■ WHAT YOU HAVE TO DO: Omitting all images, transcribe the listing word for word.

■ DATA PROVIDED:
◇ ◇ ◇ ◇ ◇ ◇ ◇
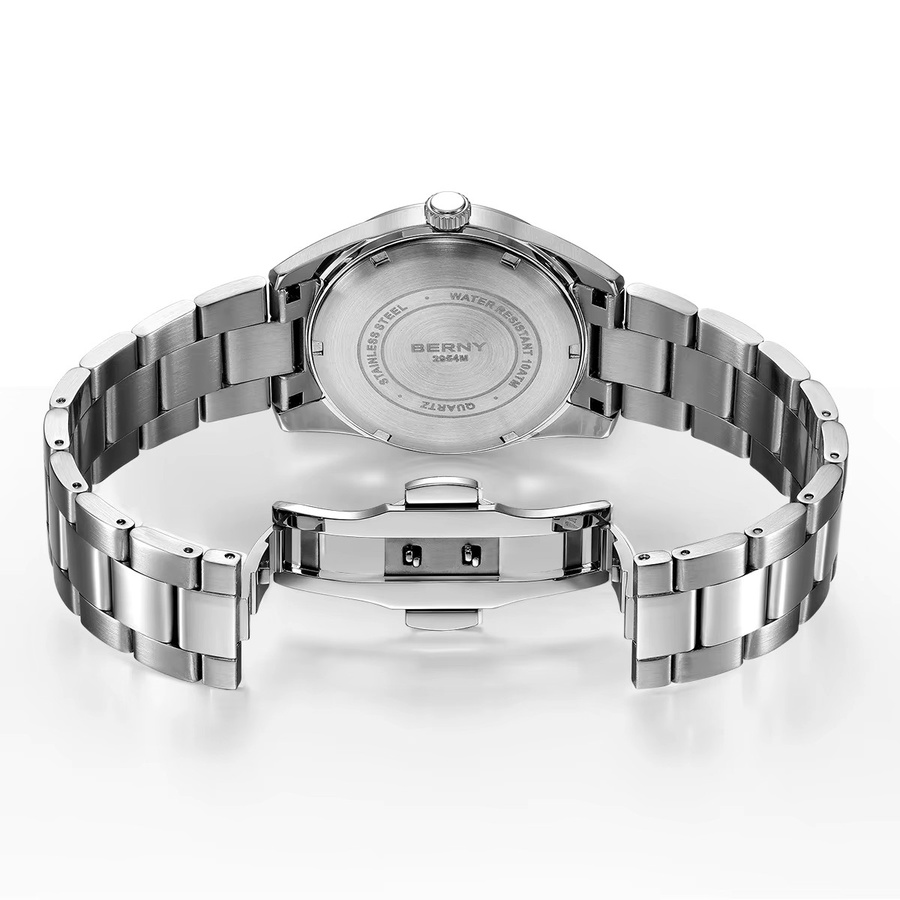 BERNY Armbanduhr Herren, Quarz, Edelstahl, Saphirglas, 10 ATM, Silber - Bild 3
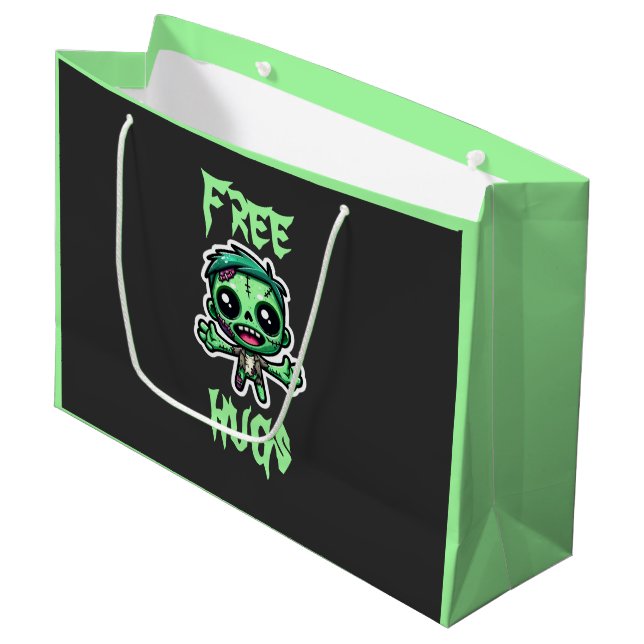 Cute, funny zombie large gift bag (Front Angled)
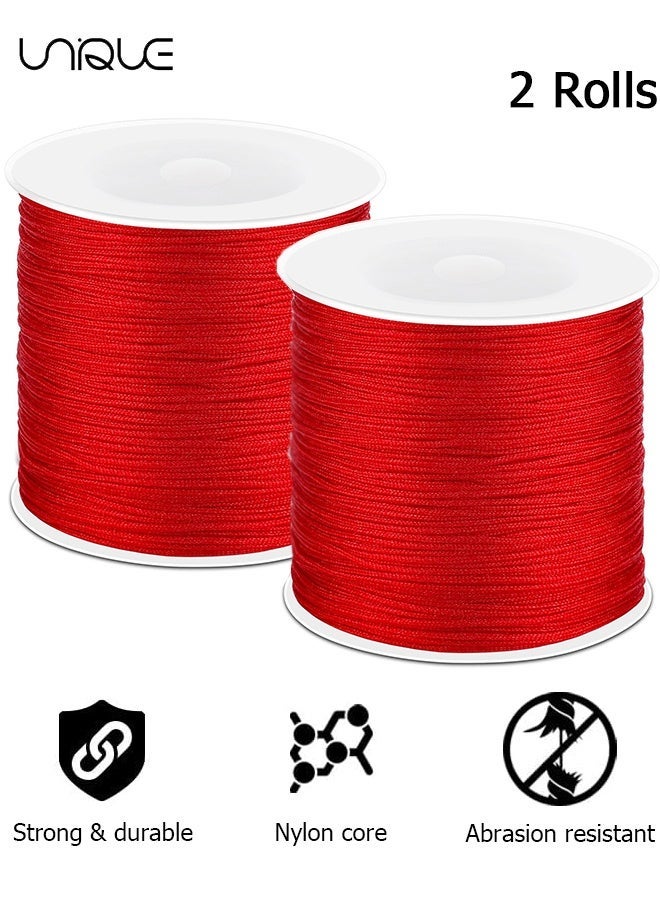 Unique 2 Rolls Red Nylon String - 0.8mm Nylon Thread Chinese Knotting Cord Tarred Twine Outdoor String for Braided Bracelets, Beading, Necklaces, Macrame Craft, Wind Chime, Blinds, Jewelry Making （109 Yards） - Image 1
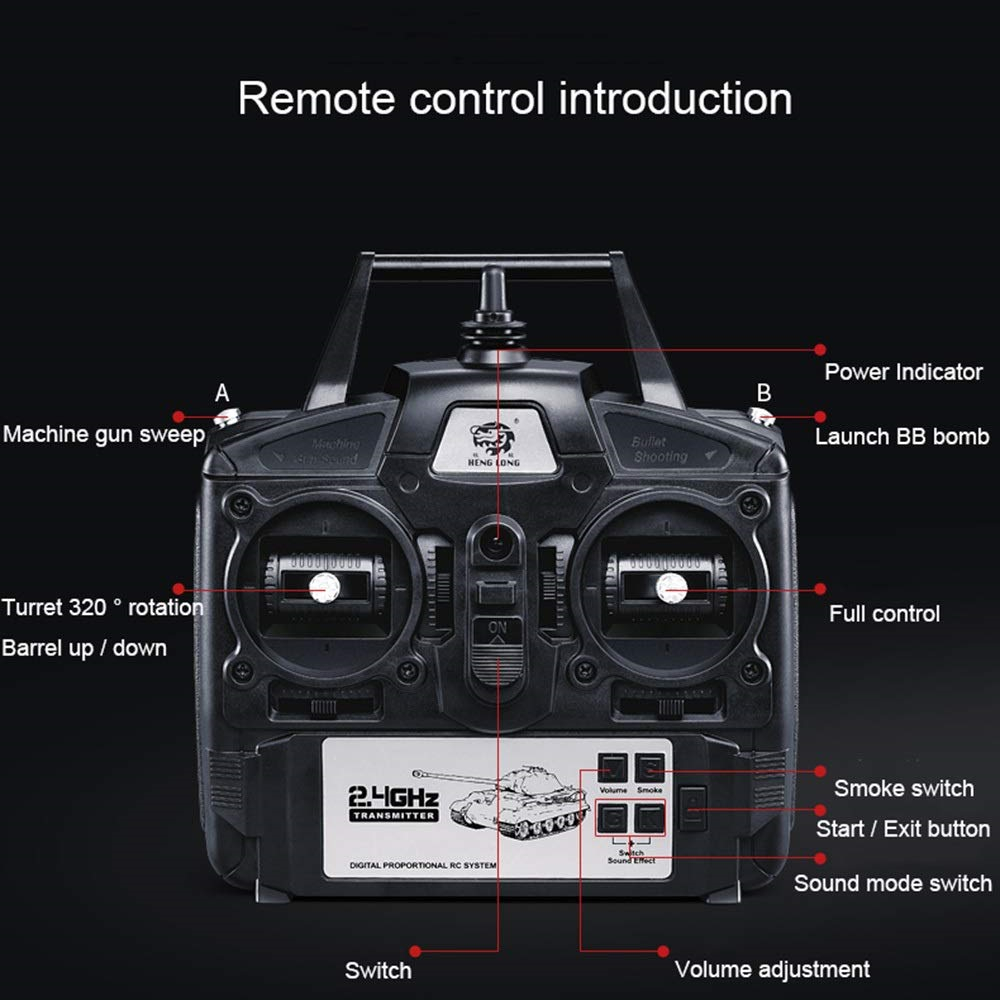 Simulation Track Sound Action and Smoke 1/16 Scale Remote Control Tank Toy for Adults Kids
◇ ◇ ◇ ◇ ◇ ◇ ◇
■ RESULT:
 BERNY Armbanduhr Herren, Quarz, Edelstahl, Saphirglas, 10 ATM, Silber - Bild 3
 Cute, funny zombie large gift bag (Front Angled)
 Unique 2 Rolls Red Nylon String - 0.8mm Nylon Thread Chinese Knotting Cord Tarred Twine Outdoor String for Braided Bracelets, Beading, Necklaces, Macrame Craft, Wind Chime, Blinds, Jewelry Making （109 Yards） - Image 1
 Simulation Track Sound Action and Smoke 1/16 Scale Remote Control Tank Toy for Adults Kids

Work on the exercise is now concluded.